Book Six Chapter One
The RMS Queen Mary
The Ship Home
Chapter 1
September 7
1946
Their War Ended, And Our War Began
September in Liverpool, England, not quite winter, but a chill is in the air, it's drizzling, and a westerly wind is coming off the Irish Sea. The temperature is a cool 52. Low clouds block the sun. The air smelled of coal, salt, and diesel fuel.
Thousands waited patiently in line on the gangway for the 14-day trip home. Their uniforms were soaked and heavy from the rain.
Colored with colored, whites with whites.
There was no idle chatter. Each man seemed to be reliving horrific events, either committed or witnessed. Some were silently crying, the tears giving them away. Many prayed.
The Queen Mary carried 15,000 troops and was the largest and fastest troopship in World War II. Taller than 15-story buildings and over a thousand feet long. It was a floating city.

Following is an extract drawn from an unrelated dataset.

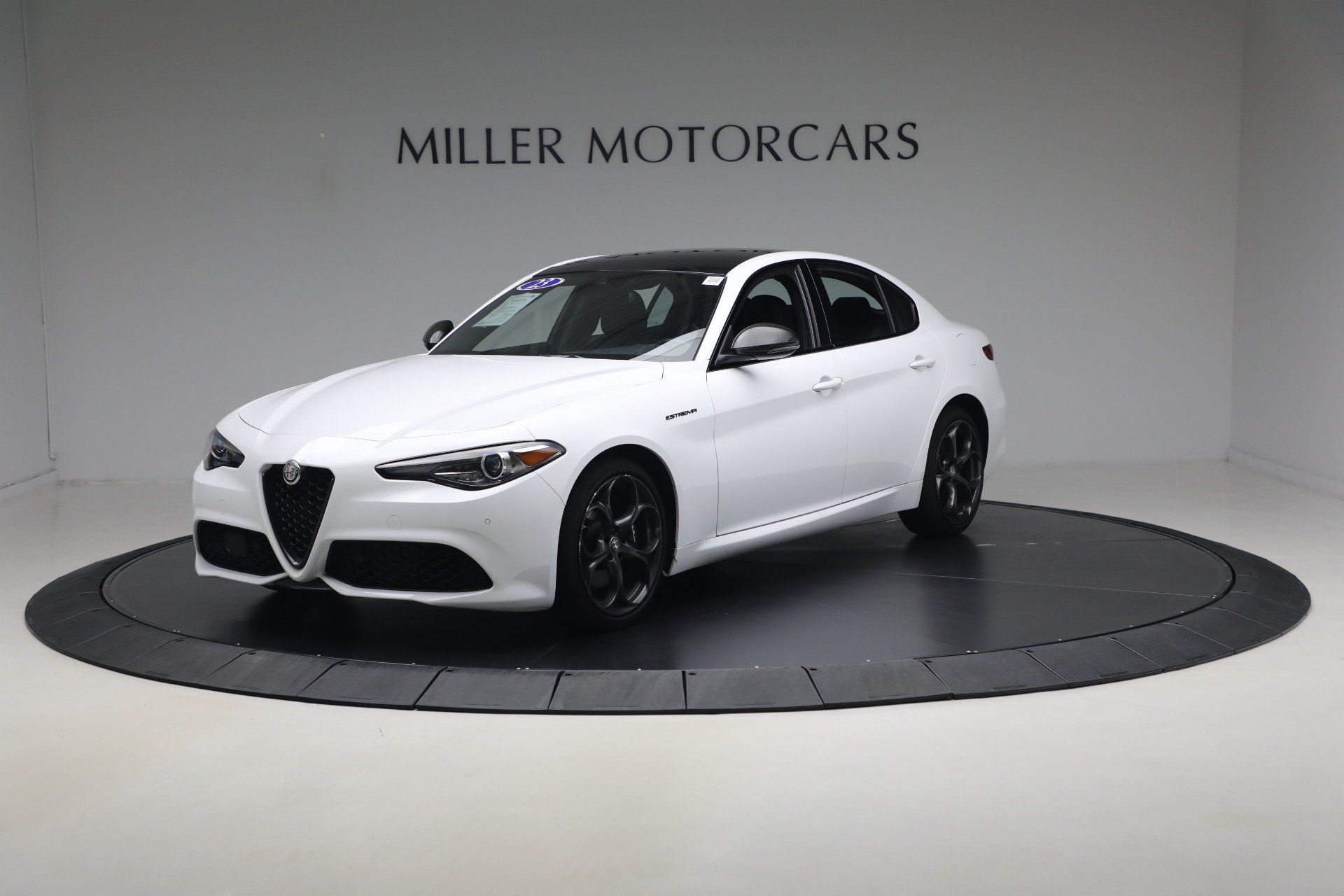 Used 2023 Alfa Romeo Giulia Estrema AWD/4WD image 1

Ben, Caldwell, and Boyd were reminded of what they risked their lives for after two white MPs dressed in heavy coats and shivering from the cold, wet air directed colored soldiers. Pointing and smiling, “You boys take these stairs all the way down to the bottom colored sections.” Their heavy southern drawls are unmistakable.
There were four stairs; two up to the upper decks for officers and two down to the lower deck for enlisted. Each is marked, colored or white.

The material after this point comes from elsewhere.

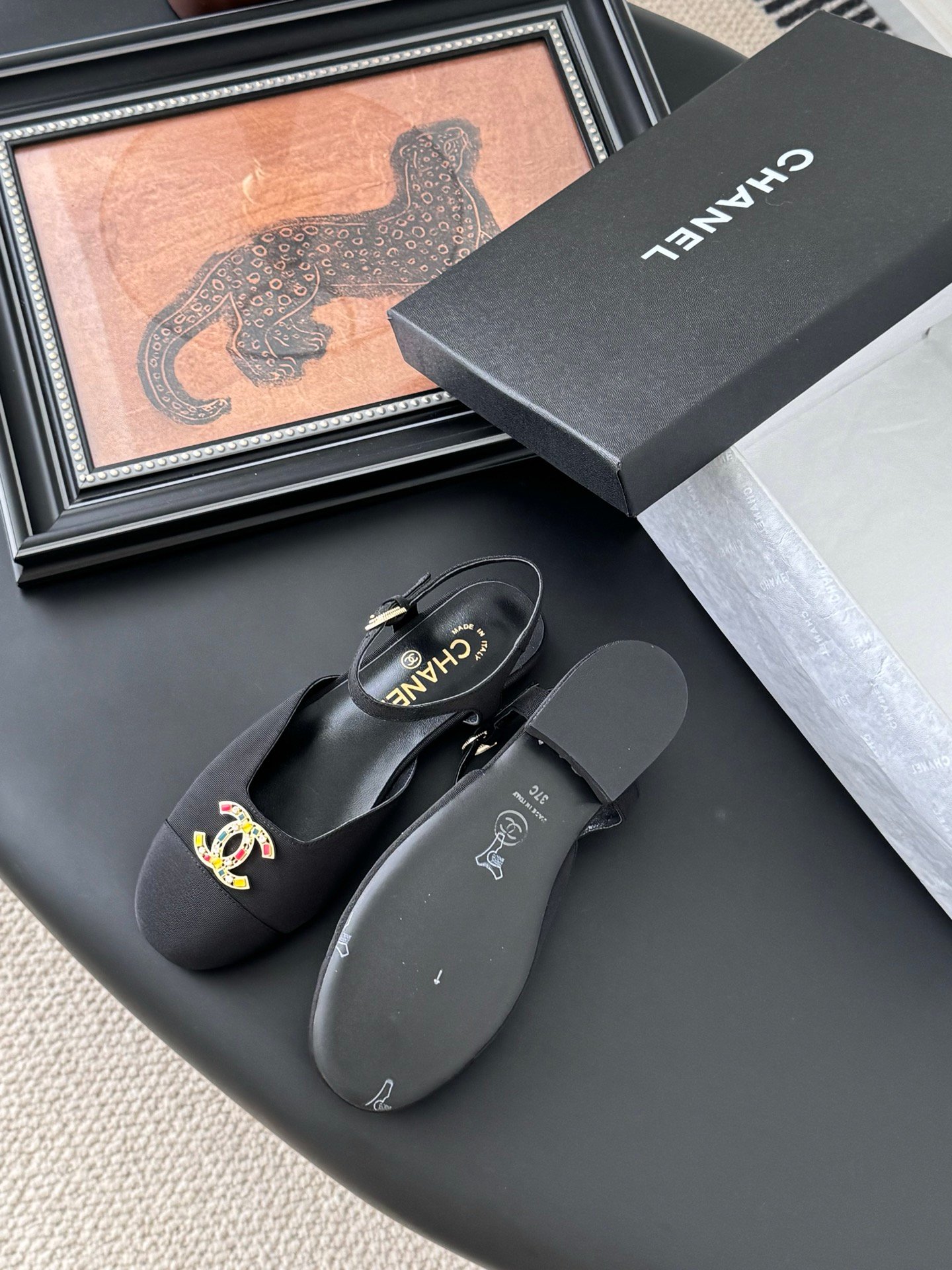 CHANEL Woman - Image 6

Although the Queen Mary was a British ship, once it was placed under U.S. War Department control for troop transport, the U.S. military’s segregation policies applied.
The converted luxury liner accommodates officers in the upper decks and enlisted men in the mass bunks on the lower decks.
U.S. Army nurses, Red Cross staff, or Women’s Army Corps were also quartered on the upper deck and separated by race.
MPs made sure women were kept separate from the more than 15,000 men on board the ship.
Negro officers and enlisted men were required by law to be segregated from whites. For Negros, Officer quarters were better than the enlisted quarters but not equal to white officers.
Negro officers ate at the same time as white officers but in a much smaller room.
The officers’ lounge is reserved for white officers.
White MPs patrolled the passageways to ensure Jim Crow segregation laws were enforced.
Passageways were narrow; two men couldn’t pass at the same time.
The lower deck and bunkroom passageways were 2-3 feet wide, narrow enough for shoulders to brush when two men passed.
The passageways could easily spark a riot.